Let’s check out the status of our newly created policy.

vagrant@ubuntu-xenial:~$ curl 'localhost:9200/_slm/policy/backup_policy_daily?human'
>>>
{
 "backup_policy_daily": {
   "version": 1,
   "modified_date": "2020-03-27T18:16:56.660Z",
   "modified_date_millis": 1585333016660,
   "policy": {
     "name": "<backup-{now/d}>",
     "schedule": "0 03 3 * * ?",
     "repository": "backup_repository",
     "retention": {
       "expire_after": "60d"
     }
   },
   "next_execution": "2020-03-28T03:03:00.000Z",
   "next_execution_millis": 1585364580000,
   "stats": {
     "policy": "backup_policy_daily",
     "snapshots_taken": 0,
     "snapshots_failed": 0,
     "snapshots_deleted": 0,
     "snapshot_deletion_failures": 0
   }
 }
}

Besides confirming the policy settings we just defined, we can also see when this will run the next time (next_execution), how many snapshots were taken, how many have failed and so on.

 

Of course, we may not be able to wait until the next scheduled run since we’re testing and experimenting, so we can execute the policy immediately, by using the following command:

curl --location --request POST 'http://localhost:9200/_slm/policy/backup_policy_daily/_execute'
>>>
{"snapshot_name":"backup-2020.03.28-382comzmt2--omziij6mgw"}

Let’s check how much data storage is now used by our repository.

elasticsearch@ubuntu-xenial:/mnt/shared/es$ du -h --max-depth=1
121M    ./backup_repository

For our first run, this should be similar in size to what is used by our indices.

 

Checking the status of the policy again will show us a new field, last_success, indicating the snapshot we just took earlier.

 

SLM with an AWS S3 Repository

AWS is very popular in the corporate world, so it’s useful to go through an example where we use an AWS S3 bucket to store our snapshots. The following steps require basic knowledge about S3 + IAM since we need to configure the bucket and secure login mechanisms, beforehand.

 

To be able to work with an S3 bucket, Elasticsearch requires a plugin we can easily install.

vagrant@ubuntu-xenial:/usr/share/elasticsearch$ sudo bin/elasticsearch-plugin install repository-s3
...
-> Installed repository-s3

Now restart the service to activate the plugin.

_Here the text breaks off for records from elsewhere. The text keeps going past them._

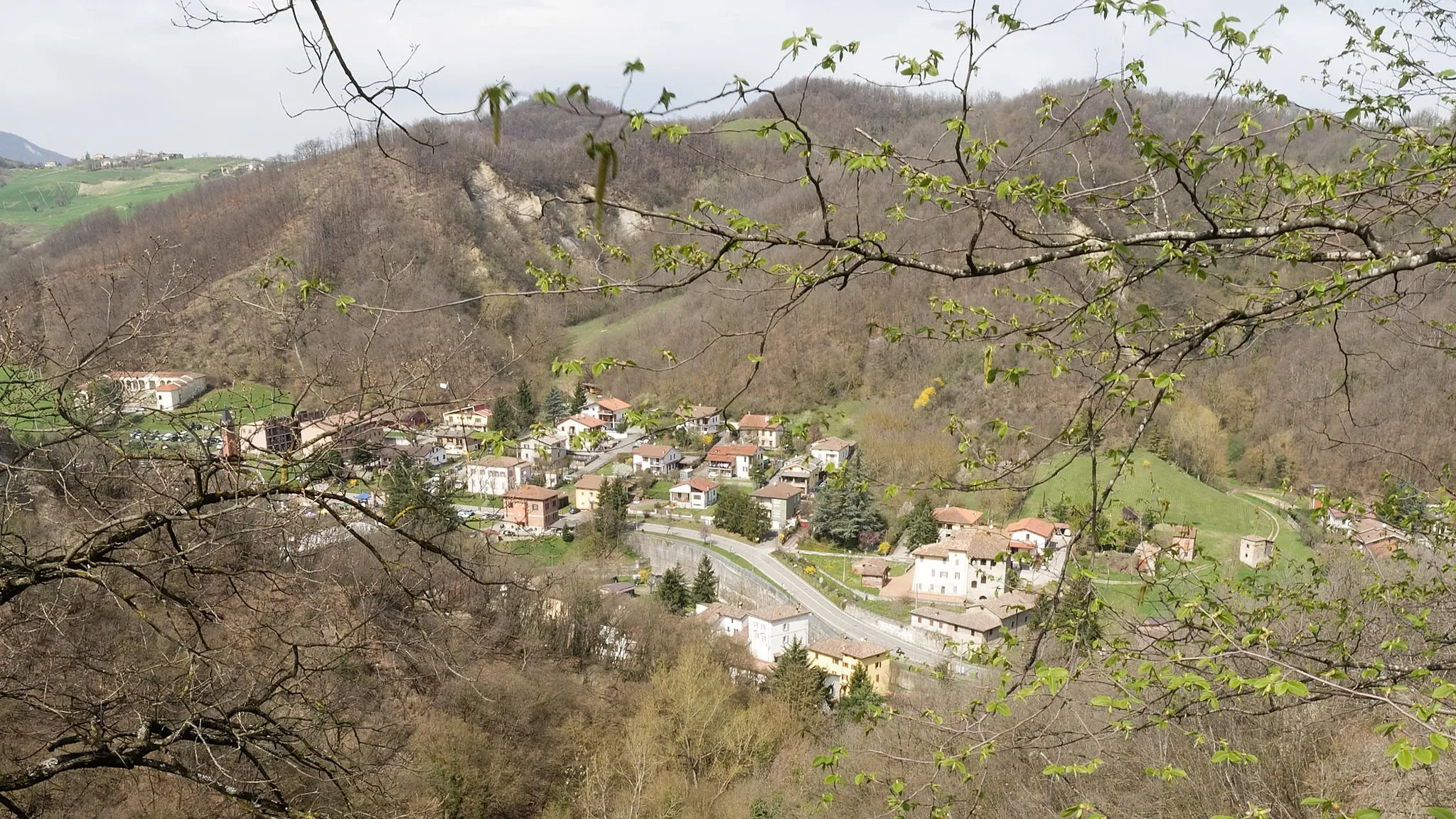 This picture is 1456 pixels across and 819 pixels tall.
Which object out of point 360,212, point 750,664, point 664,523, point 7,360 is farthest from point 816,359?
point 7,360

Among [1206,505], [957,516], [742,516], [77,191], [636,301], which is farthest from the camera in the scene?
[77,191]

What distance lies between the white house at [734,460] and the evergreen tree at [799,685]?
18.2 metres

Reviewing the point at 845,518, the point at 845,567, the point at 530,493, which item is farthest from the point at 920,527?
the point at 530,493

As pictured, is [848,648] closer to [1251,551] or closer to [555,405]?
[1251,551]

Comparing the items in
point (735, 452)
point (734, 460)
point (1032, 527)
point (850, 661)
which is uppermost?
point (1032, 527)

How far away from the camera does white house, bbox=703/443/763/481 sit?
37344 mm

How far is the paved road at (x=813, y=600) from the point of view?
2227 cm

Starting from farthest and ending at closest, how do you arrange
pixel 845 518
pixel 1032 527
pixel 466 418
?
pixel 845 518, pixel 1032 527, pixel 466 418

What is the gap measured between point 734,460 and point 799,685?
66.8ft

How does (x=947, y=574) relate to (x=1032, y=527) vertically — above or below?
below

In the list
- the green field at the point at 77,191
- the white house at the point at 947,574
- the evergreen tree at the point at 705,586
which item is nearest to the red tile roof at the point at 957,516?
the white house at the point at 947,574

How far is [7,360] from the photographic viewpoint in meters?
3.23

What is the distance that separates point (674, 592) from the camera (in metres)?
25.0

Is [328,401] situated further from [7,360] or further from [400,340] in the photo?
[7,360] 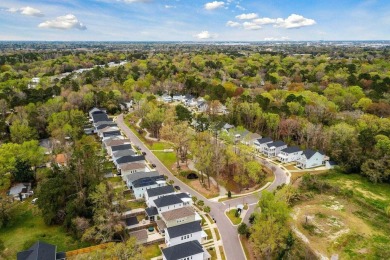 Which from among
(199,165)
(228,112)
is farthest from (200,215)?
(228,112)

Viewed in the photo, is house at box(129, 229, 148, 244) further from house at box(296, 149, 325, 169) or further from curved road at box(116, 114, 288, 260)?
house at box(296, 149, 325, 169)

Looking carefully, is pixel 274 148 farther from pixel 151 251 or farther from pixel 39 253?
pixel 39 253

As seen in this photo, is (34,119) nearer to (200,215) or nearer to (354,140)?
(200,215)

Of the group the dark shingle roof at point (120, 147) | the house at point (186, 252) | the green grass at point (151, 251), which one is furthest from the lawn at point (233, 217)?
the dark shingle roof at point (120, 147)

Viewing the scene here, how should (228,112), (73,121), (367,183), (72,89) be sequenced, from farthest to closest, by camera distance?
1. (72,89)
2. (228,112)
3. (73,121)
4. (367,183)

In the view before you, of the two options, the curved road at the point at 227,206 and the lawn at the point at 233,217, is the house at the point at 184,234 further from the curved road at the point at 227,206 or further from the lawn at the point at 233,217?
the lawn at the point at 233,217

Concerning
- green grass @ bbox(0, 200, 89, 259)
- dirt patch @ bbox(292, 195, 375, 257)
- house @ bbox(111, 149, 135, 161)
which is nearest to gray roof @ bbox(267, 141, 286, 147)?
dirt patch @ bbox(292, 195, 375, 257)

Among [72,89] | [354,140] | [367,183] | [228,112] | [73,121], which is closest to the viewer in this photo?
[367,183] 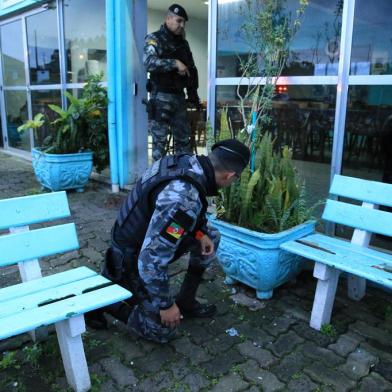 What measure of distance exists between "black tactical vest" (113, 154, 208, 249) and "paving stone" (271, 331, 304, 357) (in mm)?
876

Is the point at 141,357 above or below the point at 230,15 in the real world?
below

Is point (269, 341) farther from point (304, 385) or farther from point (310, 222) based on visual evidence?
point (310, 222)

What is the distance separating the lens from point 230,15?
13.4 feet

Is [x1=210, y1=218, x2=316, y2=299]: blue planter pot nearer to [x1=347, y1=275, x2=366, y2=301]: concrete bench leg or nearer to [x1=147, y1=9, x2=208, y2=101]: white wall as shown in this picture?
[x1=347, y1=275, x2=366, y2=301]: concrete bench leg

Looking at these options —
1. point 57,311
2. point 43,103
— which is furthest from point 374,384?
point 43,103

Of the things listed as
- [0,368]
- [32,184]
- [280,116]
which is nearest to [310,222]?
[280,116]

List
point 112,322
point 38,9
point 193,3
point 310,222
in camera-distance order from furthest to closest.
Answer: point 193,3 → point 38,9 → point 310,222 → point 112,322

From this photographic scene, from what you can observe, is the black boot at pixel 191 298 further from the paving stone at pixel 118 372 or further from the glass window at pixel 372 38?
the glass window at pixel 372 38

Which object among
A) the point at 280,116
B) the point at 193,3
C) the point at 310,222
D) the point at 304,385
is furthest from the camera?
the point at 193,3

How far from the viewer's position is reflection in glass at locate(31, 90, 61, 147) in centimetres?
664

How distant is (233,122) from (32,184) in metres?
3.36

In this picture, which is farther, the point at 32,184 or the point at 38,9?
the point at 38,9

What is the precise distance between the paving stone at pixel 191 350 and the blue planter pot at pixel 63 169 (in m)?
3.42

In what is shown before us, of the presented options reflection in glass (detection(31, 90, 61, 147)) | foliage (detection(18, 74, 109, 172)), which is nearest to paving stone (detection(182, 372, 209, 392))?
foliage (detection(18, 74, 109, 172))
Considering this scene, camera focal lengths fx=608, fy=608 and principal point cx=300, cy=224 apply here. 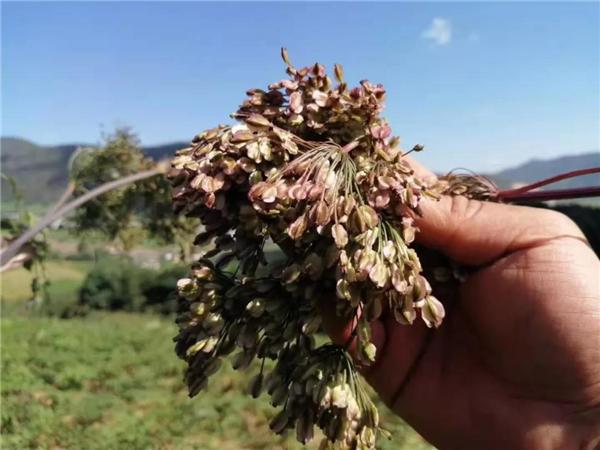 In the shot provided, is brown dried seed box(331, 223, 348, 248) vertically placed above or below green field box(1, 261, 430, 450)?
above

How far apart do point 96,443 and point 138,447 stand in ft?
1.77

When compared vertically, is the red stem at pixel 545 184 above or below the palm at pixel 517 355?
above

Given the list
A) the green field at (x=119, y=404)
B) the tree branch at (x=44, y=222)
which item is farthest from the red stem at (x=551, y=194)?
the tree branch at (x=44, y=222)

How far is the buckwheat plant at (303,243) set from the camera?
1.35 m

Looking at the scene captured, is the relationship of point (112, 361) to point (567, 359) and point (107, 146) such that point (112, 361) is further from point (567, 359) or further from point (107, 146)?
point (567, 359)

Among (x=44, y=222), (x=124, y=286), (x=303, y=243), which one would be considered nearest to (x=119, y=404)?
(x=44, y=222)

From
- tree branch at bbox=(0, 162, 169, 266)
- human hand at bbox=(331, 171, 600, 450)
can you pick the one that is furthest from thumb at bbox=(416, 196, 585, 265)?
tree branch at bbox=(0, 162, 169, 266)

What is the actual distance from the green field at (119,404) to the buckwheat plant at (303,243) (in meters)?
1.87

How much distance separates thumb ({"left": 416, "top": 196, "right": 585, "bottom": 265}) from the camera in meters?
1.82

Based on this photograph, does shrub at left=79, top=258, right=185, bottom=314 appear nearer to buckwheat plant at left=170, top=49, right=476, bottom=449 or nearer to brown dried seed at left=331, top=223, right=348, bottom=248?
buckwheat plant at left=170, top=49, right=476, bottom=449

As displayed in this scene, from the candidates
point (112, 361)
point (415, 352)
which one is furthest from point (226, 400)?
point (415, 352)

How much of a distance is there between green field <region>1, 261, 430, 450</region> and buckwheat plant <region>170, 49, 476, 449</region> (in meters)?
1.87

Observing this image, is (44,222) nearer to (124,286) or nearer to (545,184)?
(545,184)

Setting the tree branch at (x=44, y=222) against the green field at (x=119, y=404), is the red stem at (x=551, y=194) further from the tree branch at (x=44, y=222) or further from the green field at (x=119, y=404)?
the tree branch at (x=44, y=222) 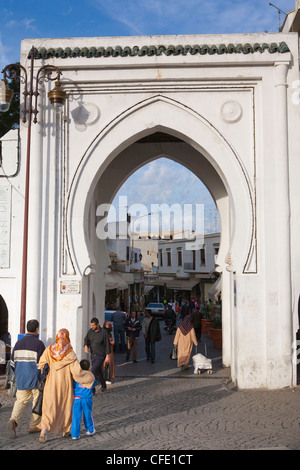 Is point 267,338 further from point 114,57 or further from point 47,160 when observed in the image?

vagrant@ubuntu-xenial:~$ sudo systemctl restart elasticsearch.service

Next, Elasticsearch needs to be able to login to the services offered by AWS S3, in a secure manner. Login to your AWS account and create an IAM user with the necessary S3 permissions before continuing with this lesson.

To set up an authorized IAM User follow the steps bellow (a basic knowledge of AWS is assumed).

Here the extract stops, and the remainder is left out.